Guterres has made clear that his most sensible priority is to reach an agreement with Russia on Ukrainian grain exports, to alleviate the shortage, and aides say now is not the time to threaten that agreement with an investigation whose end is predictable.
Iran appears to be sending drones to Russian forces on cargo planes, on routes that leave little opportunity to intercept them. This means seeking to attack them on the ground, which is not an easy task.
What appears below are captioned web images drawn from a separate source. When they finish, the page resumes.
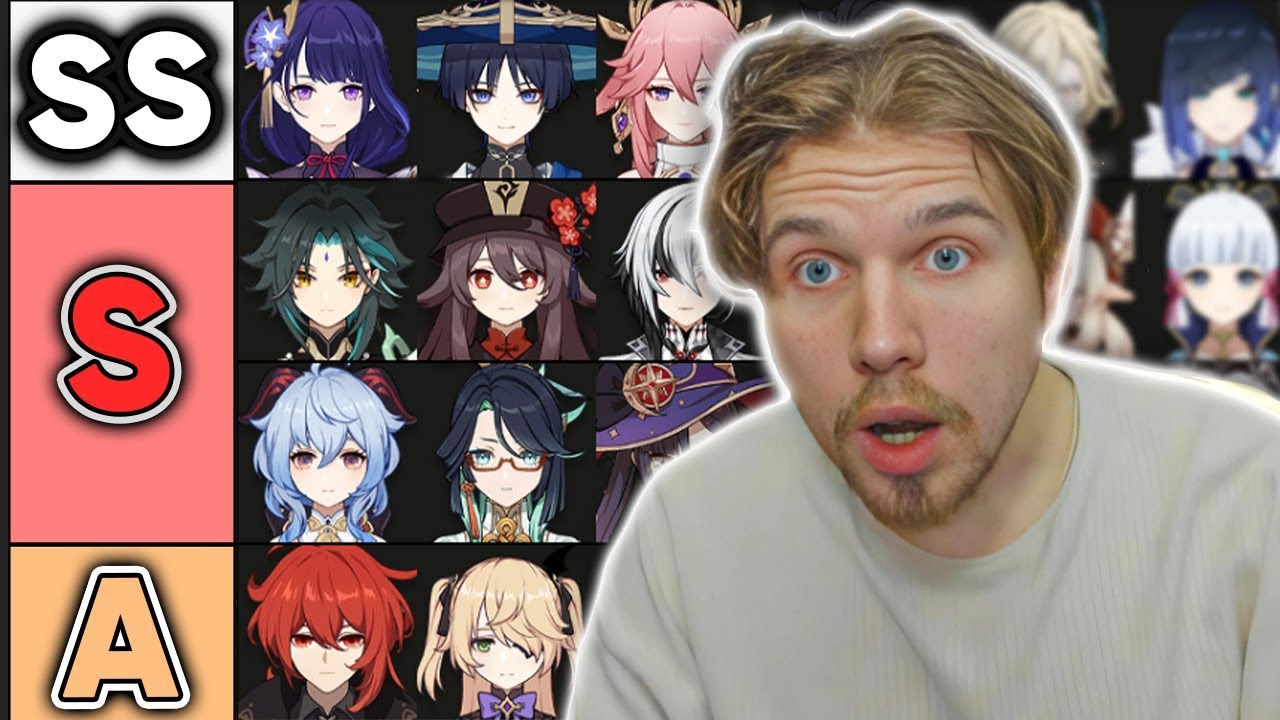 Ma Tier List Ultime de Genshin Impact (Vous allez détester)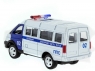 Машина "АВТОПАНОРАМА" инерц. "ГАЗель"(полиция) 1/50, в/к 14,5*8*5,5 см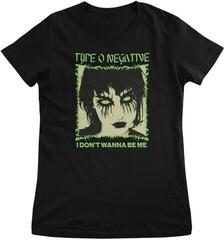 T-shirt Type O Negative I Don't Wanna Be Me Black S Feminino T-shirt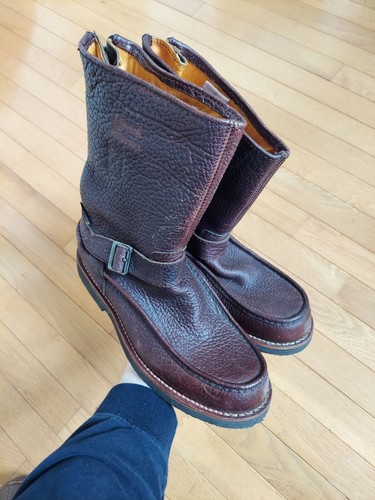 NWOB Chippewa Briar Bison Mocc Toe Zipper Upland Waterproof NWOB Chippewa Briar Bison Mocc Toe Zipper Upland Waterproof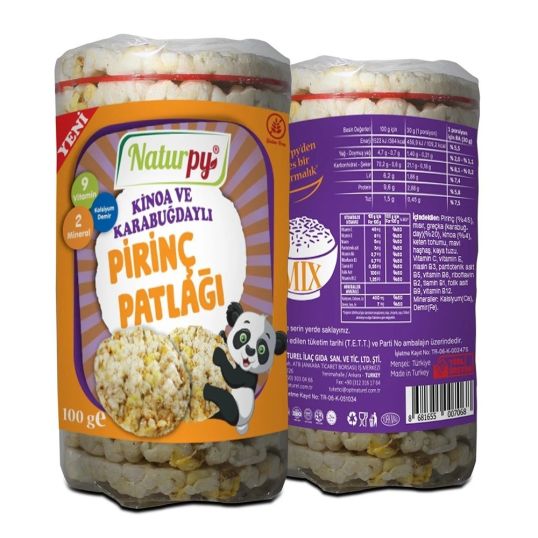 NATURPY QUINOA AND BUCKWHEAT RICE CRUNCH GLUTEN FREE 100 GMS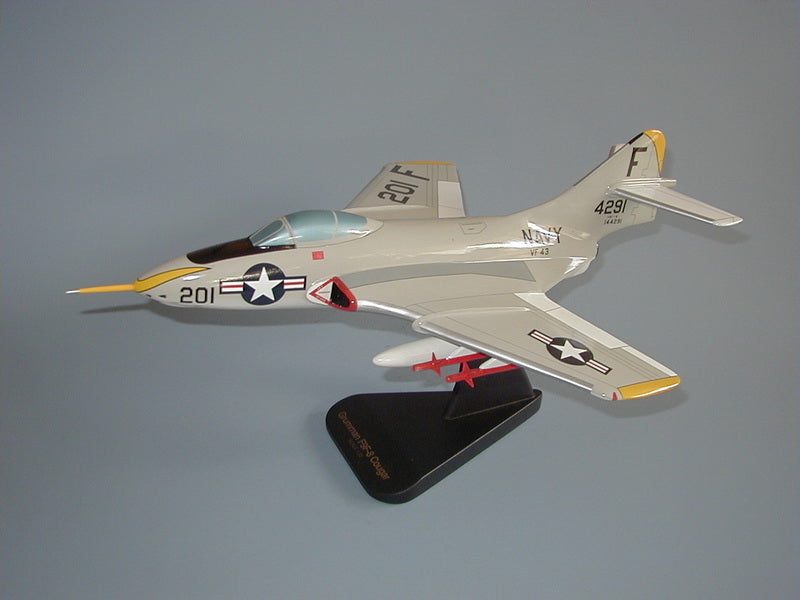 F9F Cougar airplane model Navy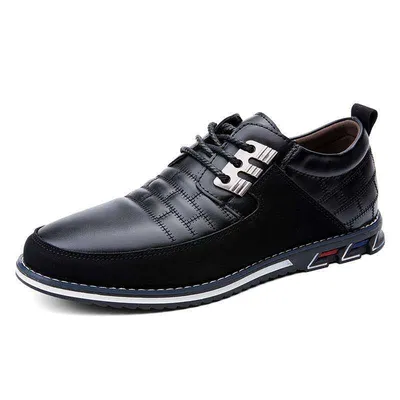 Large Size Men's Casual Leather Shoes British Style Men's Shoes Trend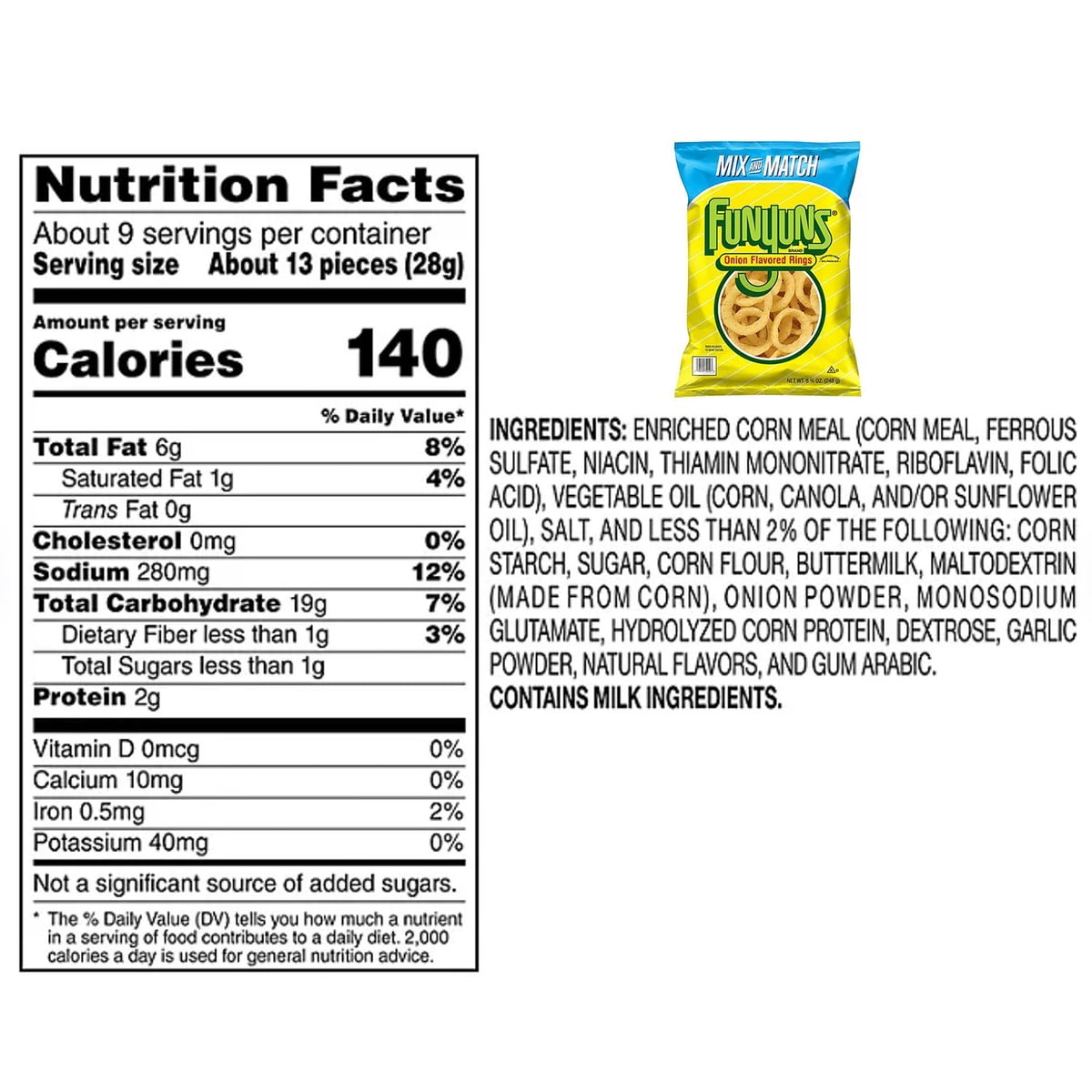 미국직구 Funyuns Onion Rings 248g / Funyuns Onion Rings Snacks, 248g 2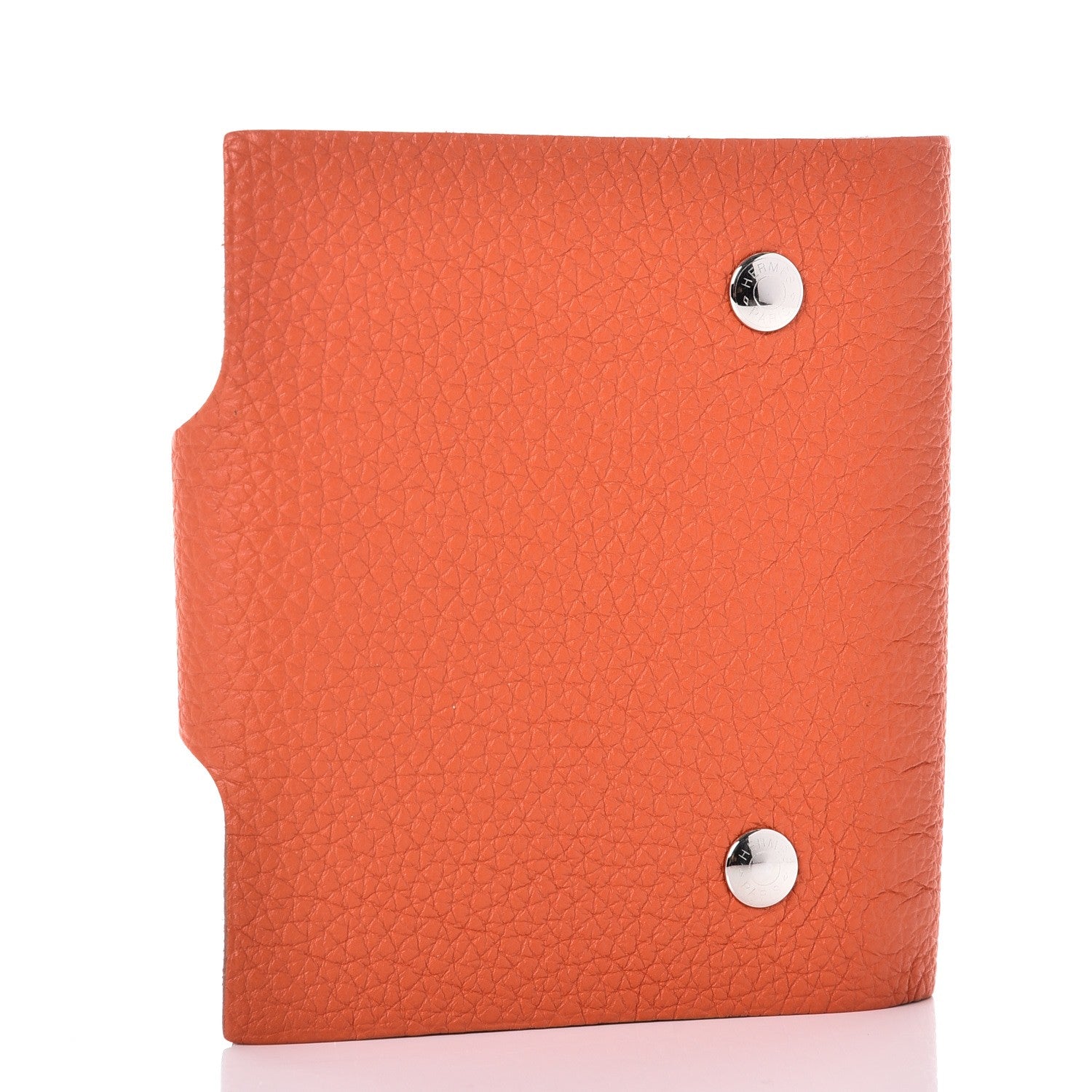 Hermes Taurillon Clemence Ulysse Mini Notebook Orange 3 of 9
Until just over a month ago, according to U. S. government officials. In the U. S. and Britain, drones were largely founded in Crimea. They then disappeared for several days and reappeared in Russian-occupied spaces in Zaporizhzhia province. The moves were followed by the U. S. The U. S. and Ukraine are in the U. S. andofficers, some sitting side by side in Army intelligence centers. But drones are very mobile, with release systems fixed on trucks, and the Russians know they are being pursued, so they are moving them to safer places, making it difficult to track and hit them.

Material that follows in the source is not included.